Newman does not argue that he should enjoy a broader immunity as a matter of federal law than he does as a matter of Connecticut law. Newman asks only that we clarify that he is still entitled to raise as a defense that he did not breach his duty to his client. Newman is, of course, entitled to raise such a defense before the District Court, and we express no opinion as to whether such a defense will succeed as a matter of fact or law.
III. Grove Manor
Finally, we consider the extent to which Grove Manor enjoys quasi-judicial immunity. The Connecticut Supreme Court advised us that the Probate Court was without authority to issue orders that were binding upon third parties such as Grove Manor. Gross II, 304 Conn. at 277. It concluded, therefore, that Grove Manor was not acting as the Probate Court's agent in caring for Gross and that it stood in the same relationship with Donovan as it would with any ordinary client, which is to say that it could refuse her orders. Id. at 277–78. Because Grove Manor was not “performing the judicial function of the Probate Court” by housing Gross, it is not, in the Connecticut Supreme Court's view, entitled to quasi-judicial immunity. Id. at 279.

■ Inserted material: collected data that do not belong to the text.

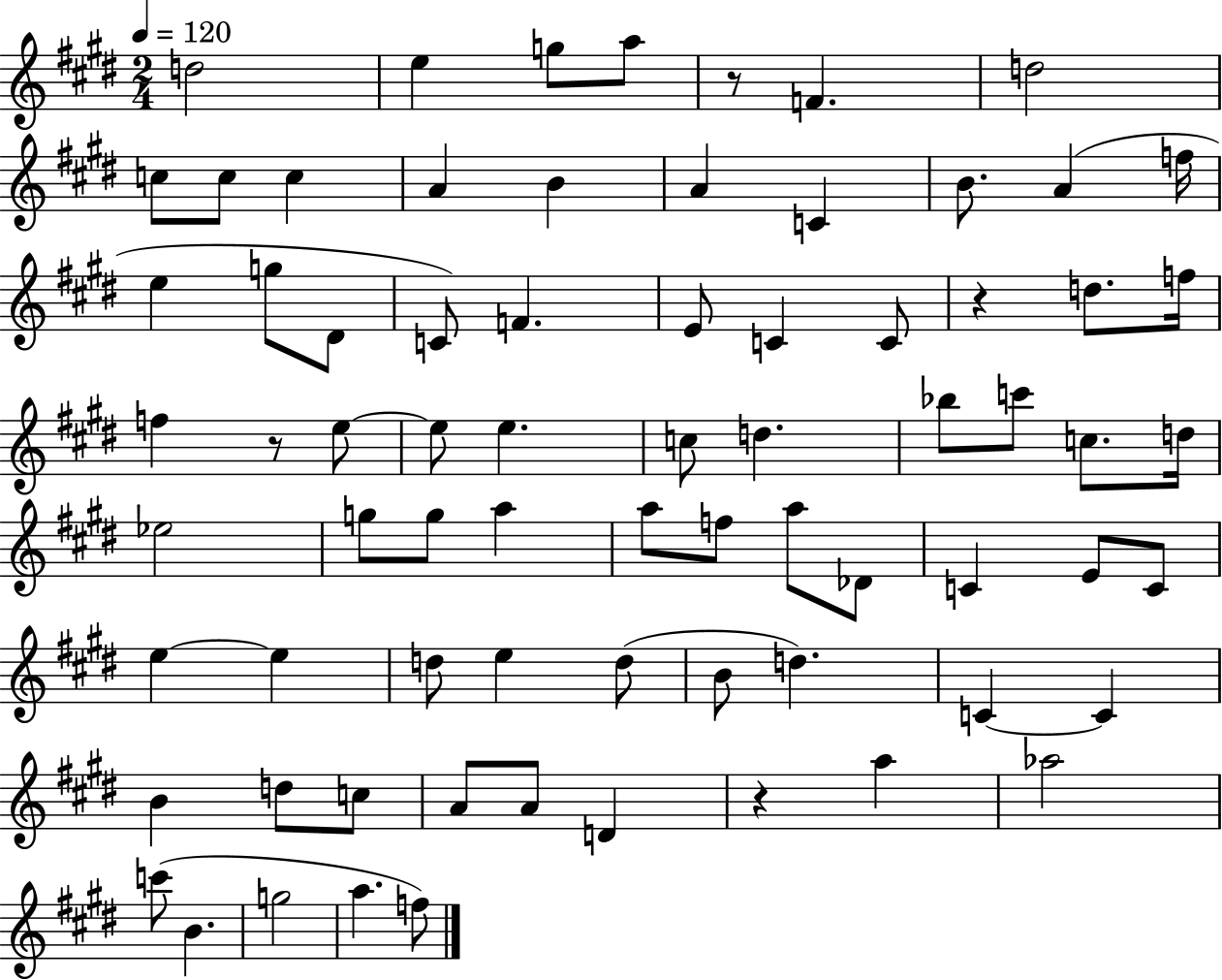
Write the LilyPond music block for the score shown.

{
  \clef treble
  \numericTimeSignature
  \time 2/4
  \key e \major
  \tempo 4 = 120
  \repeat volta 2 { d''2 | e''4 g''8 a''8 | r8 f'4. | d''2 | \break c''8 c''8 c''4 | a'4 b'4 | a'4 c'4 | b'8. a'4( f''16 | \break e''4 g''8 dis'8 | c'8) f'4. | e'8 c'4 c'8 | r4 d''8. f''16 | \break f''4 r8 e''8~~ | e''8 e''4. | c''8 d''4. | bes''8 c'''8 c''8. d''16 | \break ees''2 | g''8 g''8 a''4 | a''8 f''8 a''8 des'8 | c'4 e'8 c'8 | \break e''4~~ e''4 | d''8 e''4 d''8( | b'8 d''4.) | c'4~~ c'4 | \break b'4 d''8 c''8 | a'8 a'8 d'4 | r4 a''4 | aes''2 | \break c'''8( b'4. | g''2 | a''4. f''8) | } \bar "|."
}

Nor would Grove Manor be entitled to quasi-judicial immunity, even in the absence of a binding court order, if Grove Manor had believed that its actions were sanctioned by court order. The mere fact that an individual believed that her actions were sanctioned by court order is not sufficient to confer quasi-judicial immunity. See Groh v. Ramirez, 540 U.S. 551, 563–65, 124 S.Ct. 1284, 157 L.Ed.2d 1068 (2004) (analyzing whether officers who executed a facially invalid warrant could be held liable in terms of qualified immunity); Kulas v. Valdez, 159 F.3d 453, 456 (9th Cir.1998) (holding by a divided panel that a prison doctor complying with an invalid court involuntary medication order was entitled to qualified, but not absolute quasi-judicial immunity).
Indeed, Grove Manor concedes that it is not entitled to quasi-judicial immunity. We agree. As with Newman, Grove Manor remains entitled to raise any other defense, such as qualified immunity, before the District Court.
For the foregoing reasons, the judgment of the District Court is VACATED with regards to Donovan, Newman, and Grove Manor on the federal claims and with regards to Donovan and Newman on the state law claims, and the case is REMANDED for further proceedings not inconsistent with this opinion.